Location: Craigie Hall, Room D310
Program number: 403.220.4001
Fax: 403.284.3634
Email address:
Web page URL:

1. Degrees and Specializations Offered

Master of Arts (MA), thesis and course-based routes, with specialization in either French or Spanish

The MA degree may be taken on a full-time or a part-time basis.

Please see section 15 for a list of supported research areas.

The Department also participates actively in interdisciplinary degree programs, such as Canadian Comparative Literature (with English) and Film.

Applicants interested in a doctoral degree on a special case basis should review the program's website to determine any additional requirements or restrictions, and then, if appropriate, contact the graduate program representative. Information on the Faculty of Graduate Studies Special Case Policy can be found at

A description of the PhD in Spanish or French Admission and Program Requirements as well as a sample Student Research Proposal can be found at

2. Admission Requirements

In addition to Faculties of Graduate Studies and Arts requirements, the Department requires students:

a) To demonstrate a sufficiently high level of oral and written competence in the French or Spanish language.

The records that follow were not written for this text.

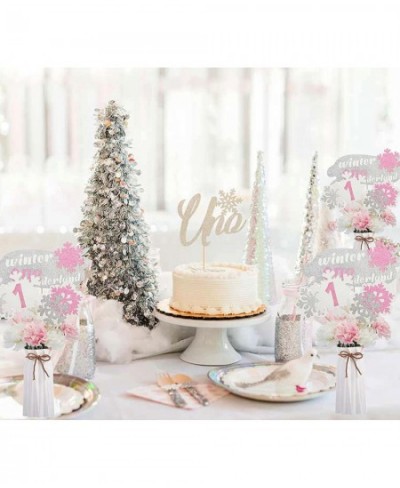 Winter Onederland Table Decorations Pink Winter Onederland 1st Birthday Centerpiece Snowflakes One Winter Wonderland Table To...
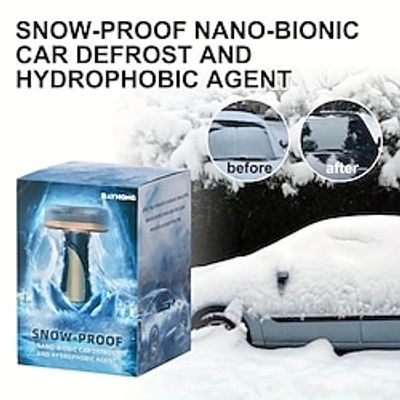 Car Snow Removal Brush Quick And Convenient Hydrophobic Nano Coating Car Qindow Ice Removal Snow Removal Tool Ice Scraper Lightinthebox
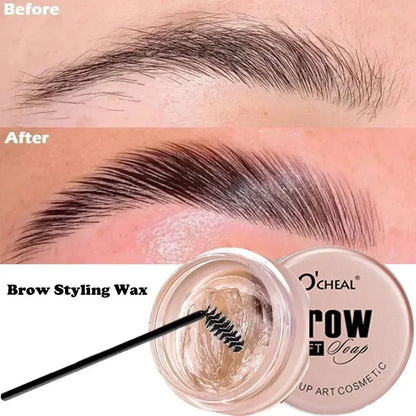 Waterproof 3D Eyebrow Styling Cream – Quick-Drying Natural Brow Pomade, Sculpting Gel Wax for Eyebrow Setting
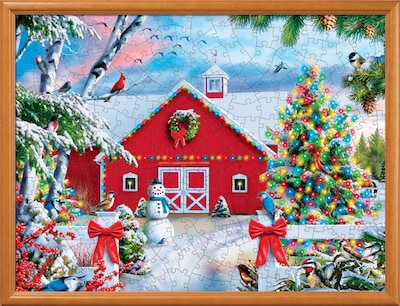 Foto 5 | Rompecabezas Masterpieces Country Christmas 300 Piezas - Venta Internacional.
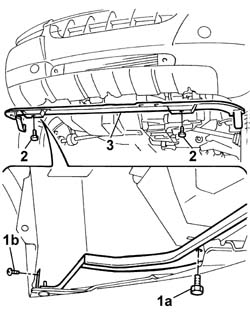 Engine cooling radiator support beam - r r
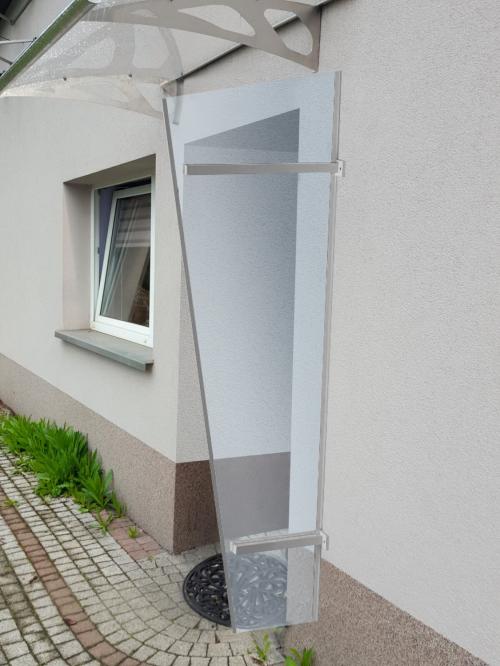 boční stěna LANITPLAST UNI stříbrná / PLEXI LG1498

b) To have an adequate academic background in the discipline.

c) To submit an example of the applicant’s written work: a term paper, research paper or other writing, which the applicant considers representative of his or her best work. The paper must be in either French or Spanish, depending on the language of study.

d) A 250-word (minimum) statement of research interest including research topic and the reasons for wishing to pursue graduate work in this Department.

e) Two reference letters.

3. Application Deadline

Deadline for the submission of complete applications: February 1.

Applications received later than the deadline will be considered for admission and for departmental funding, but chances of financial support are greatly reduced.

4. Advanced Credit

The applicant must make advanced credit requests as part of the admission process. Credit will not be granted for course work taken as part of another completed degree/diploma or for courses taken to bring the grade point average to a required level for admission.

5. Program/Course Requirements

Note: Normally no more than one half course of Directed Reading may be taken for credit.
In addition to Faculty of Arts requirements, the Department normally requires:

Master of Arts (thesis-based)
Six half-course equivalents (including French 605 or Spanish 601, depending on the language of study).

Master of Arts (course-based)
Ten half-course equivalents (including French 605 or Spanish 601, depending on the language of study).

Applicants lacking the requisite background in language or literature may be admitted as qualifying students. In this case, extra course work is normally required. A qualifying oral examination based on set texts may be required before the students attain regular Master of Arts status. Courses taken as a qualifying student do not normally count as part of the student's course requirements.


The department prohibits copyediting in students' thesis for the MA or PhD degrees.

6. Additional Requirements

Master of Arts

All students must attend the departmental graduate orientation session in September. Attendance at the UofC Graduate Orientation is highly recommended.

a) Both options have a knowledge areas requirement that must be satisfied by the first month of the second year in program, or, as appropriate, one month after the completion of course work, whichever occurs first. Upon admission students will be advised of any specific course or other work needed to fulfill this requirement.

b) Before the end of their second year of study, MA Thesis students are required to make a departmental or external presentation relating to their research.

c) Students in the thesis-based and course-based programs are also expected to demonstrate their participation in university-wide research activities by attending at least five departmental or external scholarly presentations every year in their programs.

7. Credit for Undergraduate Courses

Only in exceptional circumstances and where appropriate to a student’s program may graduate credit be received for courses numbered 500-599. No more than two half courses can be at the 500 level.

8. Time Limit

Expected completion time for full-time students is two years for a thesis program and three years for a course-based program. Maximum completion time is four years for a thesis program and six years for a course-based program.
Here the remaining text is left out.